Dr. A. M. Hamza is primarily interested in plasma and neutral fluid turbulence as it occurs in space and laboratory setups. His main research focus is to understand through analytical and numerical models how turbulence develops. He currently uses nonperturbative methods to understand the development of intermittent nonlinear structures in ionospheric and magnetospheric plasmas. Part of his research program is directly linked to providing physical interpretations to observations of space plasmas in the Earth’s near space environment.

Dr. P. T. Jayachandran is an experimental physicist whose main research efforts are focused on building the hardware and developing radio techniques (radars and Global Positioning System), for atmospheric and ionospheric remote sensing. He currently operates a number of radars and GPS receivers in the Canadian High-Arctic (CHAIN), and uses the data to understand physical processes in the Sun-Earth system in order to develop forecasting tools for ‘Space Weather’.
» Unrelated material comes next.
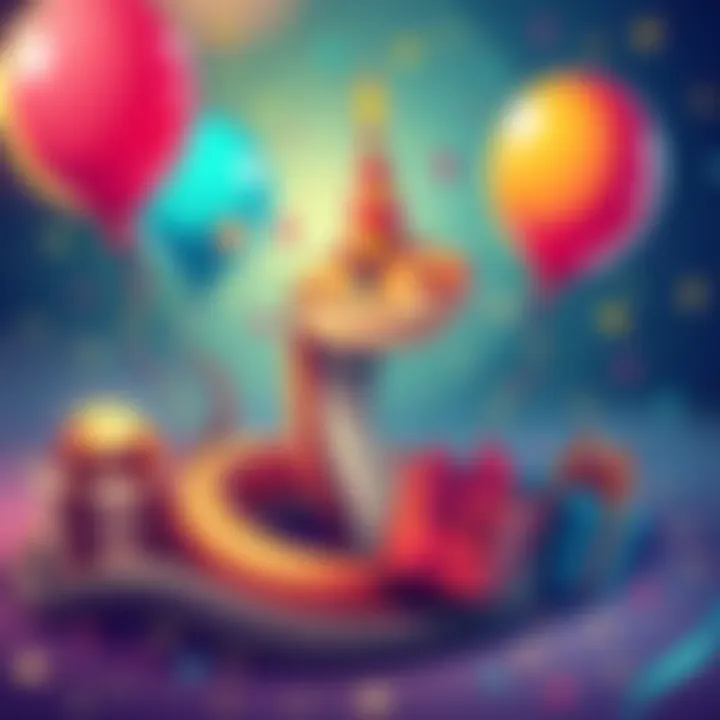 A colorful illustration depicting a snake with a birthday hat surrounded by balloons and a gift box, celebrating its birthday.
Dr. William Ward is involved in developing our understanding of the dynamics of the middle and upper atmosphere and the factors which influence this behaviour. His research includes the development of optical interferometers (ground based and satellite) for wind and temperature measurements, the analysis of satellite data sets, and the modelling of the physical processes associated the transport and dynamics of this region of the atmosphere.
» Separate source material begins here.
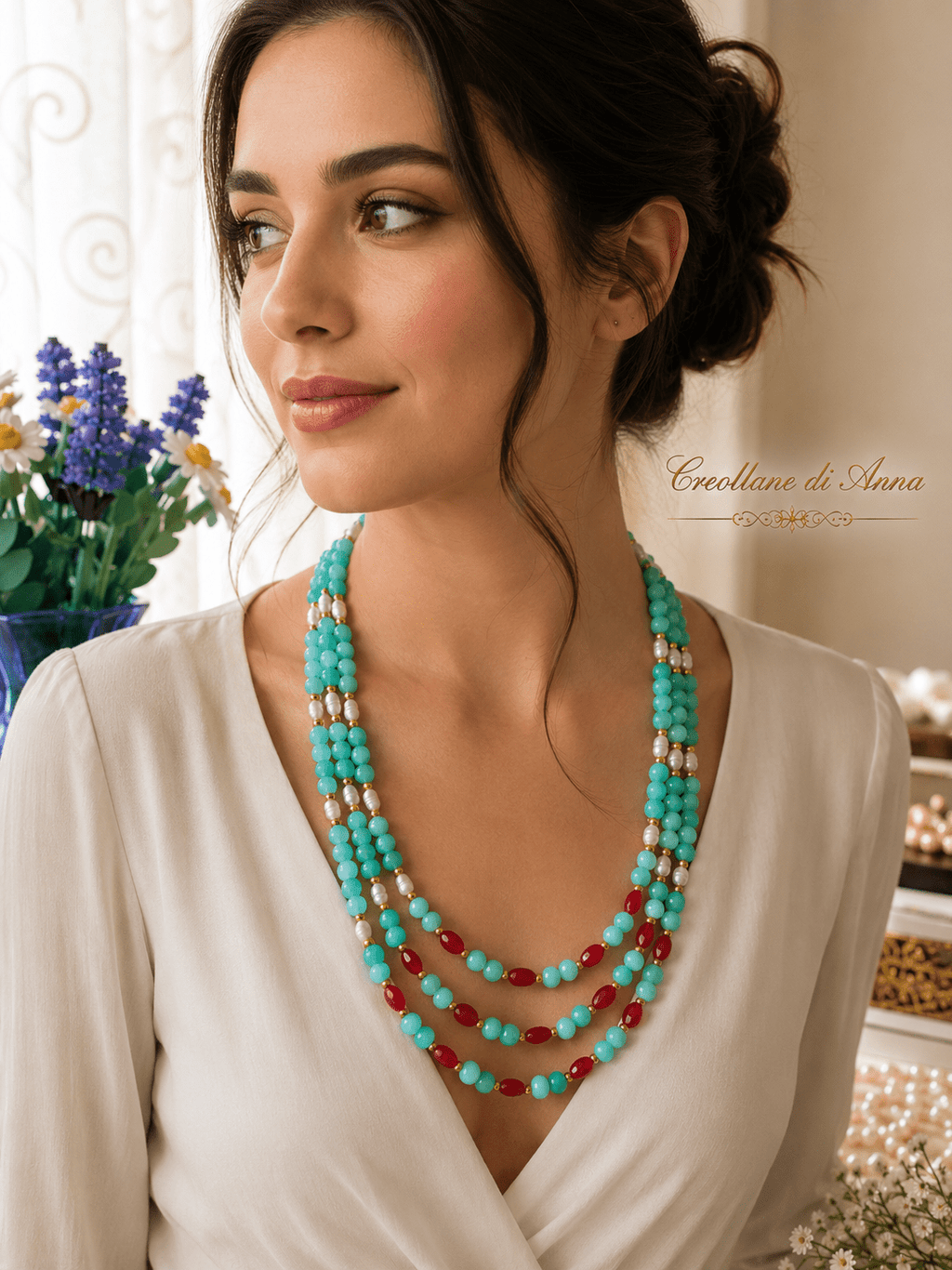 Collane Collana Multifilo Artigianale Handmade | Crisoprasio, Radice di Rubino, Occhio di Gatto e Perle di Fiume | Made in Italy - Handmade Made in Italy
Atomic and Molecular Laser Spectroscopy

Research in atomic and molecular physics has been actively pursued at UNB for nearly fifty years. Our work spans a wide spectrum of activities, including extremely high-precision calculation of atomic properties and structure (Dr. Z.-C. Yan), theoretical/computational quantum mechanics of molecules undergoing large-amplitude motion (Dr. S. C. Ross), and experimental spectroscopy on a wide variety of molecules using many novel techniques. We have considerable expertise in electronic spectroscopy on metal-bearing radicals (Dr. A. Adam and Dr. C. Linton) and on carbon-based radicals of atmospheric and astrophysical interest (Dr. D. Tokaryk), and in microwave and infrared studies on larger molecules of atmospheric, environmental, and biological relevance, with particular interest in their torsional and large-amplitude motions (Dr. L.-H. Xu, Dr. R. Lees). The spectroscopic laboratories at UNB are very well equipped with a wide variety of lasers from the infrared to the ultraviolet, a Fourier transform spectrometer, and a number of unique sources suitable for creating the molecules of interest. The activities of the group are truly international as we have ongoing collaborations with colleagues in Europe, the USA, and Asia, as well as in Canada. Several of our members are among the first to conduct spectroscopy experiments on the new Canadian Light Source, a synchrotron based at the University of Saskatchewan. The atomic and molecular scientists at UNB are members of a new research centre (one of the largest of its kind in North America): the Centre for Laser, Atomic, and Molecular Sciences (CLAMS), which involves twelve scientists in both Chemistry and Physics.

Magnetic Resonance Imaging

Magnetic Resonance Imaging (MRI) is probably the most flexible and powerful diagnostic imaging technique available to clinical medicine. MRI in material science promises to observe and quantify structure and dynamics non-invasively. The UNB MRI Centre has invented a family of new MRI methods which permit the visualization of structures not only in vivo, but in a large range of materials including concrete, polymers, composites, foods and microporous solids. The successful application of our new MRI techniques, with allied hardware and software innovations, has opened entirely new vistas in material science research. The UNB MRI Centre is the only material science MRI laboratory in Canada and the only university based laboratory of its type in North America. As the birthplace of the SPRITE MRI technique we are, by definition, one of the leading laboratories world-wide in many aspects of material science MRI. Our ideas and techniques are now being adopted by numerous academic and industrial research laboratories.